To drill down into the data, complete the following steps:

1. Use loc to display the grade column.

2. Use iloc to display the first 3 rows and columns 3, 4, and 5.

3. Show the rows for grade nine using loc.

4. Store the row with the minimum overall reading score as min_reading_row using loc and the min_reading_score found in Deliverable 3.

5. Find the reading scores for the school and grade from the output of step three using loc with multiple conditional statements.

6. Using conditional statements and loc or iloc, find the mean reading score for all students in grades 11 and 12 combined.

In [480]:
student_df.tail()

Unnamed: 0,index,student_id,student_name,grade,school_name,reading_score,math_score,school_type,school_budget
14826,19508,83985333,Deborah Sanders,10,Silva High School,60.5,64.6,Public,991918
14827,19509,109236636,Robert Sawyer,12,Silva High School,43.3,27.2,Public,991918
14828,19511,95516554,Megan Gill,11,Wagner High School,93.9,84.1,Public,846745
14829,19512,65050383,Lori Stone,11,Bowers High School,94.6,70.9,Public,848324
14830,19513,34720657,Anna Jensen,12,Montgomery High School,82.3,42.4,Charter,893368


In [481]:
# use Loc to display the grade column

student_df.loc[0:, ["grade"]]

Unnamed: 0,grade
0,9
1,9
2,9
3,9
4,9
...,...
14826,10
14827,12
14828,11
14829,11


In [482]:
# use iLoc to display first 3 rows and columns 3,4, and 5.

student_df.iloc[:3,[3,4,5]]

Unnamed: 0,grade,school_name,reading_score
0,9,Sullivan High School,59.0
1,9,Dixon High School,94.7
2,9,Wagner High School,89.0


In [483]:
# select rows for grade 9 and display summmary stats using `loc` and `describe`.

student_df.loc[student_df["grade"] == 9].describe()

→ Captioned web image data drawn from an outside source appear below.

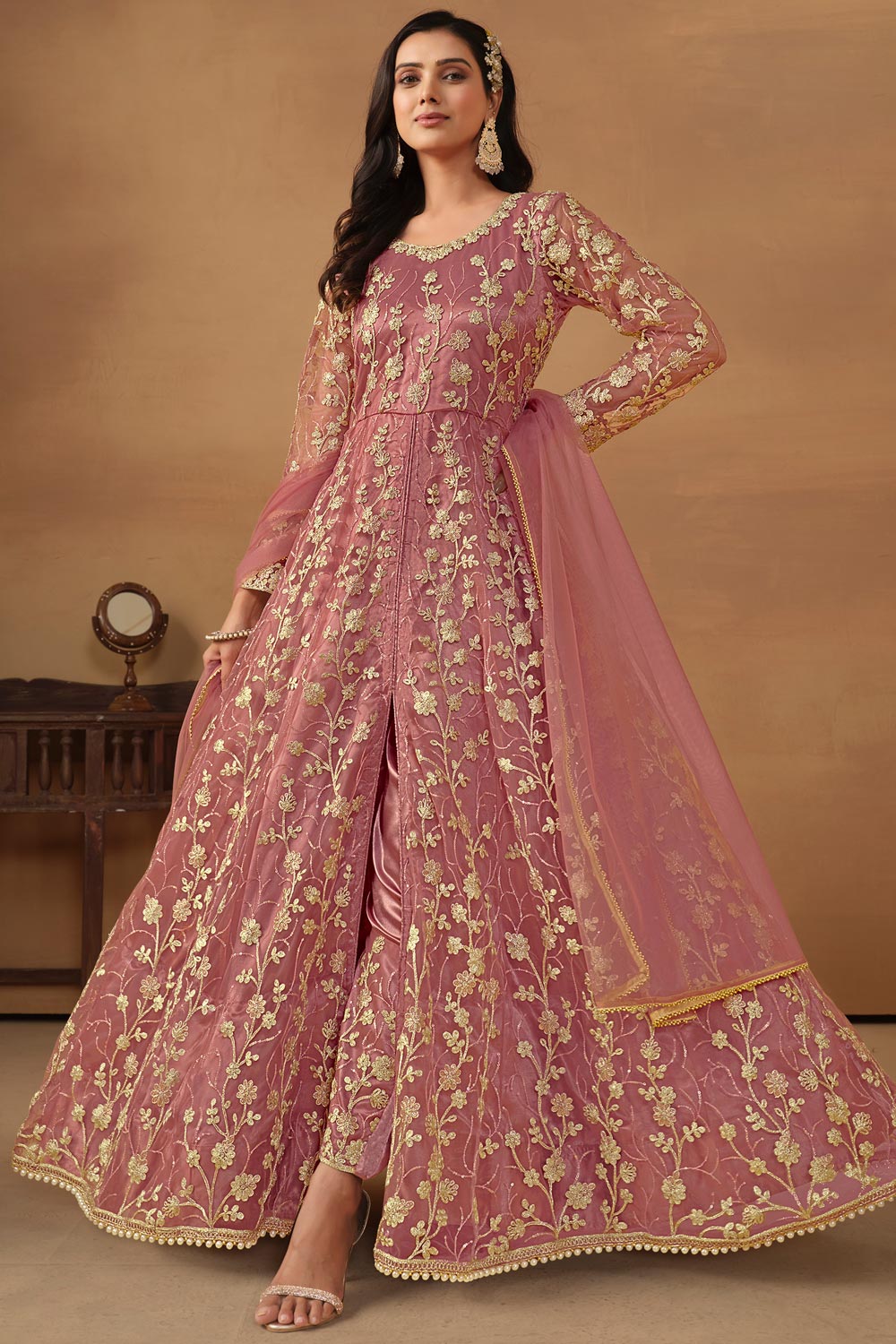Blush Pink Traditional Embroidery Wedding Anarkali Suit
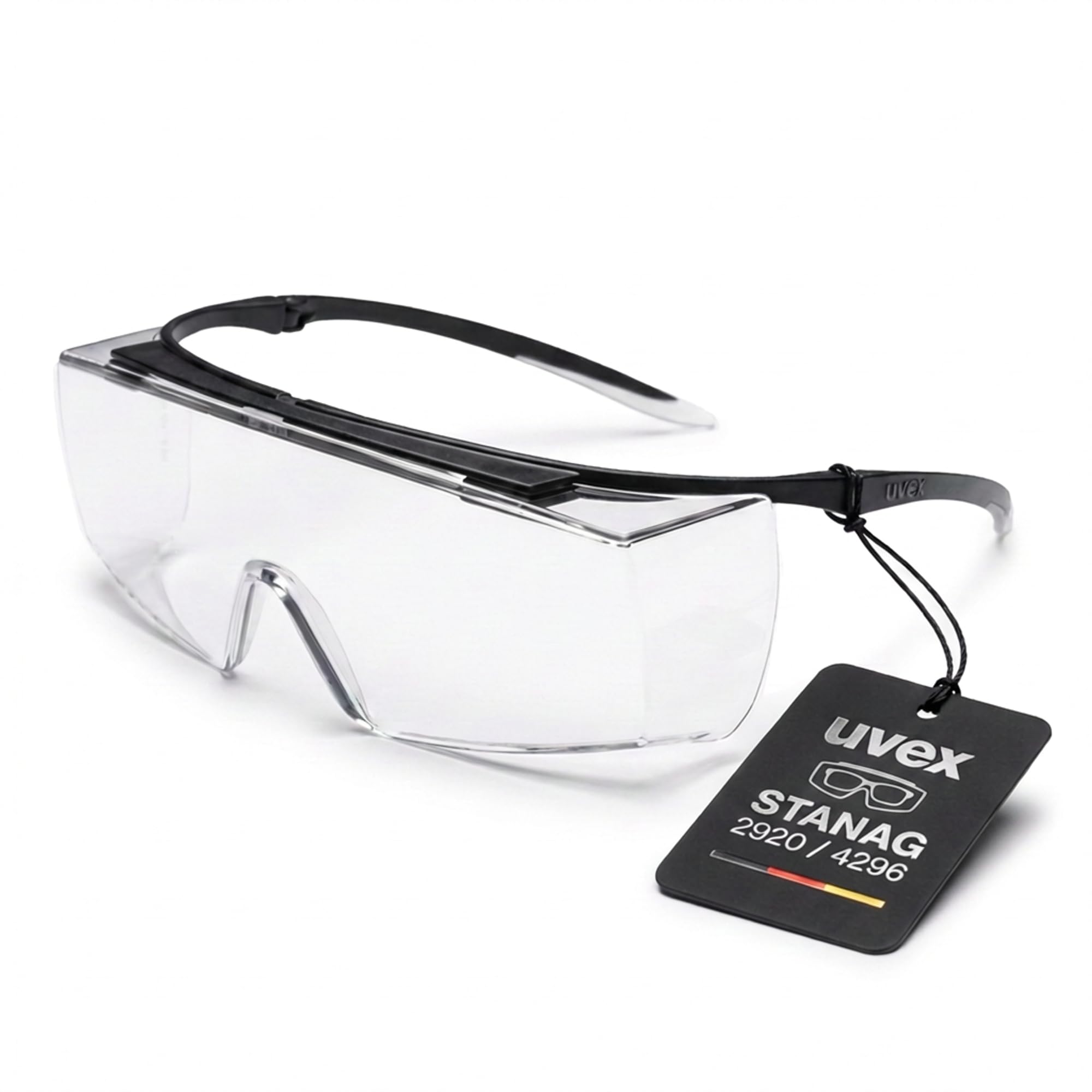 Uvex Super f STANAG 2920/4296 Lunettes de protection OTG pour porteurs de lunettes, anti-buée et anti-rayures, champ de vision clair pour les tirs et l'entraînement, avec étui et accessoires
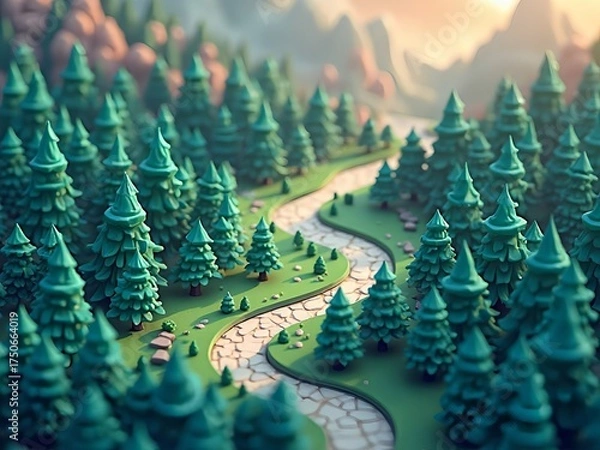 Fototapeta 自然, 景色, 環境問題, 風景, 木, イラスト, 季節, 観光, 旅行, 山, 森, 空, 草, デザイン, 緑, 山脈, 夕方の森、夜の森、森林、川、道、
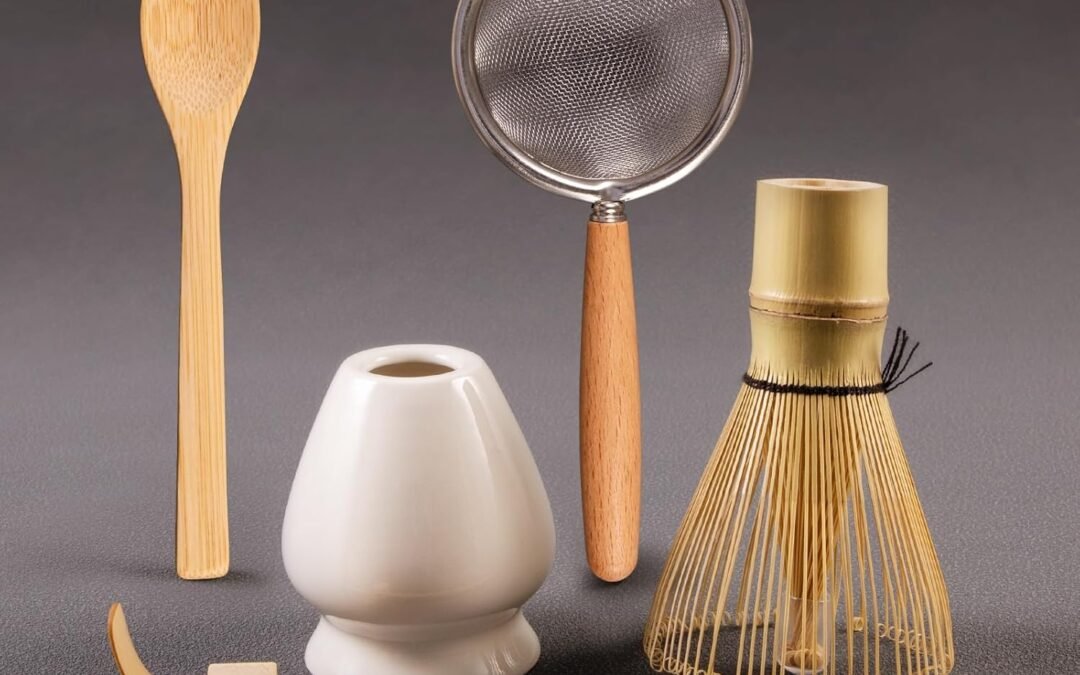 Wholesale OEM ODM COANTO Matcha Whisk Set – Includes Sifter Bamboo Whisk (Chasen), Tea Spoon, Spoon Holder, Scoop and Whisk Holder, 6pcs (No Bowl Included) Factory & Supplier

Unnamed: 0,index,student_id,grade,reading_score,math_score,school_budget
count,4132.0,4132.0,4132.0,4132.0,4132.0,4132.0
mean,9317.328654,69794410.0,9.0,69.236713,66.585624,898692.606002
std,5631.296674,34705650.0,0.0,15.277354,16.661533,54891.596611
min,0.0,10009060.0,9.0,17.9,5.3,817615.0
25%,4352.5,39538480.0,9.0,59.0,56.0,846745.0
50%,9011.5,69840370.0,9.0,70.05,67.8,893368.0
75%,14285.0,99395040.0,9.0,80.5,78.5,957299.0
max,19497.0,129999700.0,9.0,99.9,100.0,991918.0


In [484]:
# Store the row with minimum overall reading score as `min_reading_row`
# using `loc` and the `min_reading_score` found in Deliverable 3.

min_reading_row = student_df.loc[student_df["reading_score"] == min_reading_score]
min_reading_row

Unnamed: 0,index,student_id,student_name,grade,school_name,reading_score,math_score,school_type,school_budget
3085,3706,81758630,Matthew Thomas,10,Dixon High School,10.5,58.4,Charter,870334


In [485]:
# Use `loc` with conditionals to select all reading scores from 10th graders at Dixon High School.
student_df.loc[(student_df["school_name"] == "Dixon High School") &
               (student_df["grade"] == 10),["school_name", "reading_score"]]
             

Unnamed: 0,school_name,reading_score
35,Dixon High School,71.1
49,Dixon High School,59.5
58,Dixon High School,88.6
78,Dixon High School,81.5
82,Dixon High School,95.3
...,...,...
14661,Dixon High School,52.9
14678,Dixon High School,58.0
14700,Dixon High School,38.0
14718,Dixon High School,84.4


In [486]:
# Find the mean reading score for all students in 11 and 12 grade combined

# MEAN READING SCORE FOR GRADES 11 & 12. 
# This answers the question asked in the challenge... READING SCORE!
student_df.loc[(student_df["grade"] == 11) | 
               (student_df["grade"] == 12), "reading_score"].mean()

74.90038089192188

In [487]:
# Find the mean math score for all students in 11 and 12 grade combined

# MEAN MATH SCORE FOR GRADES 11 & 12
# This produces the answer that was in the challenge starter code...which is MATH SCORE!
student_df.loc[(student_df["grade"] == 11) | 
               (student_df["grade"] == 12), "math_score"].mean()

63.25853039200117

## Deliverable 5: Make Comparisons Between District and Charter Schools
Compare district vs charter schools for budget, size, and scores.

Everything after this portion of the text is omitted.